An Ethnography of Religious Labor in an Indian Muslim Community

This project is an ethnographic exploration of Muslim prayer (namaz), the central practice in formal worship (salah or salat), and its relation to other religious and secular labor in a suburban community in Ahmedabad, India. It explores prayer, specifically, as exemplary religious labor embedded in a range of religious practices, and religious labor, generally, as it relates to secular labor practices. It focuses on a single community, Juhapura, home to a diverse array of Muslim communities, most recently relocated from villages, with pronounced class and caste differences, rural-urban divides, and sectarian divisions between reformist and conservative establishments.
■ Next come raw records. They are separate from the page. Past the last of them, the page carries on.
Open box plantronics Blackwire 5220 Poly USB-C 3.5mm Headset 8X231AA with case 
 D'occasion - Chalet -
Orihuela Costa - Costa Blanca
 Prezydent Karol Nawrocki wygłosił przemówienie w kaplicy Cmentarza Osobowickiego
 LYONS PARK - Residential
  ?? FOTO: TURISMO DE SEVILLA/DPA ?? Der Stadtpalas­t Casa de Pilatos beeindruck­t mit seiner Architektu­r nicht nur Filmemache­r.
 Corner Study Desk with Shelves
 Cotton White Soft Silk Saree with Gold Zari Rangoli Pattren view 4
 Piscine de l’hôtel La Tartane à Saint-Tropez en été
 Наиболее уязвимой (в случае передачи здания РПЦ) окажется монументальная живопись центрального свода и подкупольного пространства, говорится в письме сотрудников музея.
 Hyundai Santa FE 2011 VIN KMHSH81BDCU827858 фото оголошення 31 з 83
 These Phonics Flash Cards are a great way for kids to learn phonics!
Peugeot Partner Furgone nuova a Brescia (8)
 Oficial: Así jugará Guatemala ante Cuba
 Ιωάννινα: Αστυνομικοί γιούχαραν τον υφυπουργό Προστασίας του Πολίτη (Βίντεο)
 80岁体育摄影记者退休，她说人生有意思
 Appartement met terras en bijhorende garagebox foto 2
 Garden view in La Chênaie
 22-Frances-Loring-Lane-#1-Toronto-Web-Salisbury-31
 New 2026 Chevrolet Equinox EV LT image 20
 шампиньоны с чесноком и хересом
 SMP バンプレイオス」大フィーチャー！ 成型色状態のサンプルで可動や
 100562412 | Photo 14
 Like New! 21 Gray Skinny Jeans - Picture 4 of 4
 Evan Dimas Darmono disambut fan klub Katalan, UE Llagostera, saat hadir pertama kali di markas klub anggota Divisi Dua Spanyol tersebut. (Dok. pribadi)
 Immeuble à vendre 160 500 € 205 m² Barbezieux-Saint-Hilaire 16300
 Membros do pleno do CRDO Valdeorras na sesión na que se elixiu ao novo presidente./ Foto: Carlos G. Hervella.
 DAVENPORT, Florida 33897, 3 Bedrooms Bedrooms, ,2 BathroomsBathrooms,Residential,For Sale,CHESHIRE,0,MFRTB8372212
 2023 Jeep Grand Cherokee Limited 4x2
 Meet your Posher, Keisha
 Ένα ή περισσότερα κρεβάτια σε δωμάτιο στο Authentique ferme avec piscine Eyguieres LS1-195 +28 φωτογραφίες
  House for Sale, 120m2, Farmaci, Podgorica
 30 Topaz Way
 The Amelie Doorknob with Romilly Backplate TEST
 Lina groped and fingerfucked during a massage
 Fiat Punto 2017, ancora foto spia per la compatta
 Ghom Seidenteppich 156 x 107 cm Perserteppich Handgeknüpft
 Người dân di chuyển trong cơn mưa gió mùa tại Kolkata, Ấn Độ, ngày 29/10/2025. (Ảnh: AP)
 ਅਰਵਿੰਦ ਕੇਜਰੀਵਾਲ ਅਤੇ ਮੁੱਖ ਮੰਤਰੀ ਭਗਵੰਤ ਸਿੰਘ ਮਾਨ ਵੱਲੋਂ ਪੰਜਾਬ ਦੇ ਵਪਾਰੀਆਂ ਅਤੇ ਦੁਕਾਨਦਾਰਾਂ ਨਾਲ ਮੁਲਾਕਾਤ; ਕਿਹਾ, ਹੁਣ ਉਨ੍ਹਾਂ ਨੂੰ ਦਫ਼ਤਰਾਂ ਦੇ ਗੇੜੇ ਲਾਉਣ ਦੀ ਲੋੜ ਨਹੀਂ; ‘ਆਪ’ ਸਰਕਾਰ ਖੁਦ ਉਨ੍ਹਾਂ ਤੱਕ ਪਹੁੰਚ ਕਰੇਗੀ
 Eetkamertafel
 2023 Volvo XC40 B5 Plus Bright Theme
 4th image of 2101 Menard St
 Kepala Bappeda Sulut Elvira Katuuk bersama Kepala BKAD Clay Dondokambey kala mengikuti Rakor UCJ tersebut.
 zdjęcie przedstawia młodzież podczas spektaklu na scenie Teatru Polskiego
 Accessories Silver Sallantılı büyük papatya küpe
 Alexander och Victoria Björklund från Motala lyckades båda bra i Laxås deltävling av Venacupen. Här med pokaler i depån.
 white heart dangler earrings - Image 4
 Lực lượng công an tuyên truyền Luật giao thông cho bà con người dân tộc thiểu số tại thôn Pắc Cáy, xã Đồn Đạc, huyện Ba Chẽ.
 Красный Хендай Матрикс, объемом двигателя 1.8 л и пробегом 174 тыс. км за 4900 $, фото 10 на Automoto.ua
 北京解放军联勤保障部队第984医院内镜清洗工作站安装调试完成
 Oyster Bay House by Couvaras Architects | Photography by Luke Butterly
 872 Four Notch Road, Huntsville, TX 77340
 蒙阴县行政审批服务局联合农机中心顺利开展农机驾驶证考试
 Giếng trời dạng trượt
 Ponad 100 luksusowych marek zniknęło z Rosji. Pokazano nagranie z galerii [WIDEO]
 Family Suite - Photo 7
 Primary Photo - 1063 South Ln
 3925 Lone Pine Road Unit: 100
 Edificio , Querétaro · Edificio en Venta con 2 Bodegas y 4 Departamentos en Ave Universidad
It concentrates on prayer in a particular class segment of Juhapura society: unskilled laborers employed in the informal sector.

In addition to ethnographically rigorous research on a little studied community, this research contributes conceptually to the understanding of prayer comparatively by opening up several questions: 1) How do Muslims move into and out of prayer and, how do particular occupations contribute to irregular or “non-normative” prayer? How do these practices contribute to self-understandings and influence locations within Juhapura Muslim society? 2) How is the Koranic style of learning (memorization and recitation of text) embedded in a wider Gujarati cultural context of learning, where interactions are always inflected by politico-cultural movements (such as Hindu nationalism)? What effect do these contexts have on the consolidation of religious practices by minority Muslims and the reception of majoritarian (Hindu) concepts of hierarchy, caste, devotion, pollution, and ahimsa? 3) How is prayer invoked to mediate the dynamics of segmentation, class, and religious differentiation? 4) Islamic practices in Ahmedabad are informed by the diverse community and caste relations with non-Muslims (e.g., Hindu-Jain-Sikh) of the rural villages of birth of most Juhapura residents. How do rural syncretic religious practices change and differentiate in the suburban environment? 3) In what way do changing concepts of communal and individual prayer (both namaz and dua) influence the understanding of other forms of religious labor, such as sermons and lecture series (kusbo) in mosques, naming practices, divine invocations, gift exchanges, spirit possession/exorcisms, conversion and intermarriage, alms giving and financial services, and embodied practices in comportment, clothing styles, and diet? 5) What are the mutual effects of recent transformations in the organization of the informal economy on specifically religious practices? In what way do everyday demands of organizing life through informal work reflect or change understandings of religious labor, and specifically prayer?

The intellectual merit of the project is to document ethnographically a specific case of the social and institutional dynamics of Muslim prayer in a changing political-economic context (Gujarat, India), which can then be used to theorize in what way prayer and secular activities are mutually imbricated in the same context, rather than positing them as oppositional philosophical-historical tenets. The broader impact of this research will be to provide an empirical case study of prayer, with a more nuanced understanding of contexts in which such activity becomes meaningful. More specifically, it will inform scholars across disciplines about the mutual effects of changes in the international organization of service labor on Muslim prayer and religious activities generally in India.